On the other hand, for any \(0=t_0\leqslant t_1\leqslant \cdots \leqslant t_k=\tau _0\), we have

$$\begin{aligned} \sum _{i=1}^{k}|\gamma (t_i)-\gamma (t_{i-1})|&=\sum _{i=1}^{k}|\gamma _l(l(0,t_i))-\gamma _l(l(0,t_{i-1}))|=\sum _{i=1}^{k}|\int _{l(0,t_{i-1})}^{l(0,t_i)}{\dot{\gamma }}_l(s)\ ds|\\&\leqslant \sum _{i=1}^{k}\int _{l(0,t_{i-1})}^{l(0,t_i)}|{\dot{\gamma }}_l(s)|\ ds=\int _{0}^{l(0,\tau _0)}|{\dot{\gamma }}_l(s)|\ ds. \end{aligned}$$

It follows that \(l(0,\tau _0)\leqslant \int _{0}^{l(0,\tau _0)}|{\dot{\gamma }}_l(s)|\ ds\), that is, \(\int _{0}^{l(0,\tau _0)}1-|{\dot{\gamma }}_l(s)|\ ds\leqslant 0\). Combing the inequality with (A.2), (A.1) follows. \(\square \)

Lemma A.3

Suppose \(\gamma :[0,\tau _0]\rightarrow {\mathbb {R}}^n\) is a Lipschitz curve, \(f:{\mathbb {R}}^n\rightarrow {\mathbb {R}}^n\) is a map.

(1):

If for any \(t\in [0,\tau _0]\) with \(\tau _2(t)<\tau _0\), there holds \(\lim _{r\rightarrow \tau _2(t)^+}f(\gamma (r))=f(\gamma (t))\), then we have

$$\begin{aligned} \lim _{r\rightarrow s+}f(\gamma _l(r))=f(\gamma _l(s)),\qquad \forall s\in [0,l(0,\tau _0)). \end{aligned}$$

(2):

Under the assumption of (1), if for any \(t\in [0,\tau _0]\) with \(\tau _2(t)<\tau _0\), there holds

$$\begin{aligned} \lim _{r\rightarrow \tau _2(t)^+}\frac{\gamma (r)-\gamma (t)}{|\gamma (r)-\gamma (t)|}=f(\gamma (t)), \end{aligned}$$

we have

$$\begin{aligned} {\dot{\gamma }}_l^+(s)=f(\gamma _l(s)),\qquad \forall s\in [0,l(0,\tau _0)). \end{aligned}$$

Proof

Set \(s\in [0,l(0,\tau _0))\).
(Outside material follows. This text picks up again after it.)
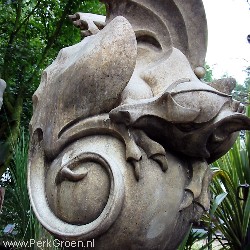 Dragon on Ball www.PerkGroen.nl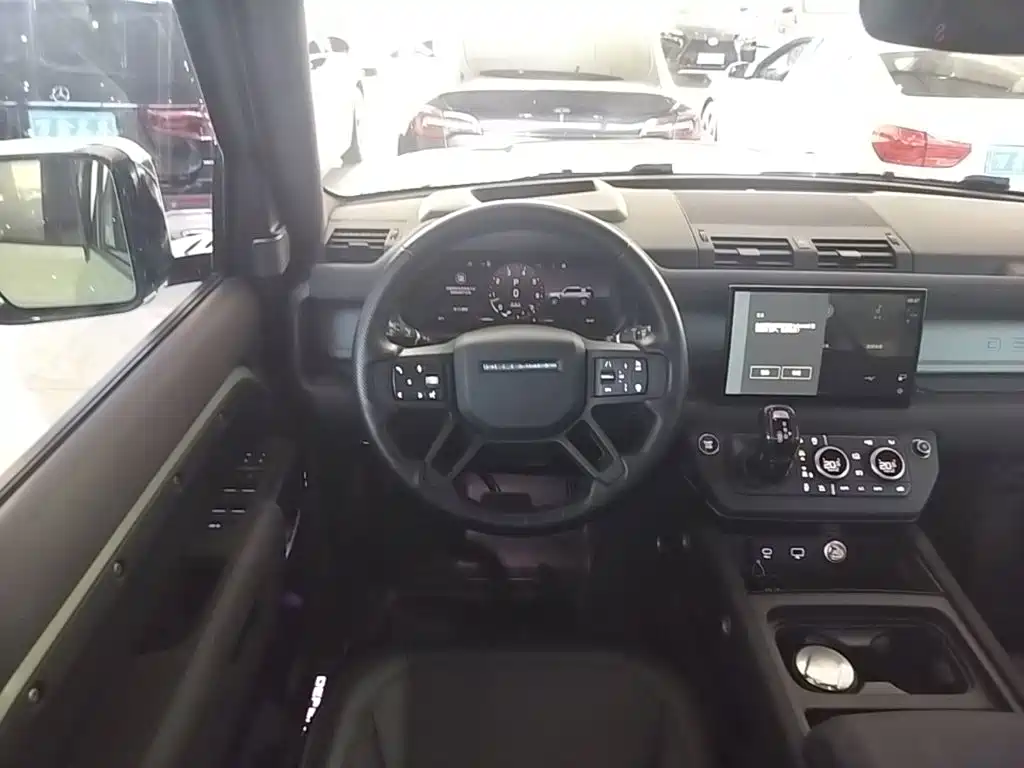 Land Rover Defender — миниатюра 11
For any \(r_i\rightarrow s^+\), \(i\rightarrow \infty \), choose \(t,t_i\in [0,\tau _0]\), \(i\in {\mathbb {N}}\) such that \(l(0,t)=s\), \(l(0,t_i)=r_i\), \(i\in {\mathbb {N}}\). Lemma A.1 (4) implies \(t_i\rightarrow \tau _2(t)^+\), \(i\rightarrow \infty \). Thus,

$$\begin{aligned} \lim _{i\rightarrow \infty }f(\gamma _l(r_i))=\lim _{i\rightarrow \infty }f(\gamma (t_i))=f(\gamma (t))=f(\gamma _l(s)). \end{aligned}$$

It follows that \(\lim _{r\rightarrow s+}f(\gamma _l(r))=f(\gamma _l(s))\), and (1) holds.

Now, we turn to the proof of (2). First, for almost all \(s\in [0,l(0,\tau _0))\), we have

$$\begin{aligned} {\dot{\gamma }}_l(s)=\lim _{r\rightarrow s+}\frac{\gamma _l(r)-\gamma _l(s)}{r-s}=\lim _{r\rightarrow s+}\frac{\gamma (t_r)-\gamma (t)}{|\gamma (t_r)-\gamma (t)|}\cdot \frac{|\gamma _l(r)-\gamma _l(s)|}{r-s}, \end{aligned}$$

where \(t_r\) and t satisfy \(l(0,t_r)=r\) and \(l(0,t)=s\). Lemma A.2 implies

$$\begin{aligned} \lim _{r\rightarrow s+}\frac{|\gamma _l(r)-\gamma _l(s)|}{r-s}=|{\dot{\gamma }}_l(s)|=1. \end{aligned}$$

It follows from Lemma A.1 (4) that

$$\begin{aligned} \lim _{r\rightarrow s+}\frac{\gamma (t_r)-\gamma (t)}{|\gamma (t_r)-\gamma (t)|}=\lim _{r\rightarrow \tau _2(t)^+}\frac{\gamma (r)-\gamma (t)}{|\gamma (r)-\gamma (t)|}=f(\gamma (t))=f(\gamma _l(s)). \end{aligned}$$

Therefore, \({\dot{\gamma }}_l(s)=f(\gamma _l(s))\). Now, for any \(s\in [0,l(0,\tau _0))\), we have

$$\begin{aligned} {\dot{\gamma }}^+_l(s)&=\lim _{r\rightarrow s+}\frac{\gamma _l(r)-\gamma _l(s)}{r-s}=\lim _{r\rightarrow s+}\frac{1}{r-s}\int _{s}^{r}{\dot{\gamma }}_l(\tau )\ d\tau \\&=\lim _{r\rightarrow s+}\frac{1}{r-s}\int _{s}^{r}f(\gamma _l(\tau ))\ d\tau =f(\gamma _l(s)), \end{aligned}$$

where the last equality is from (1). \(\square \)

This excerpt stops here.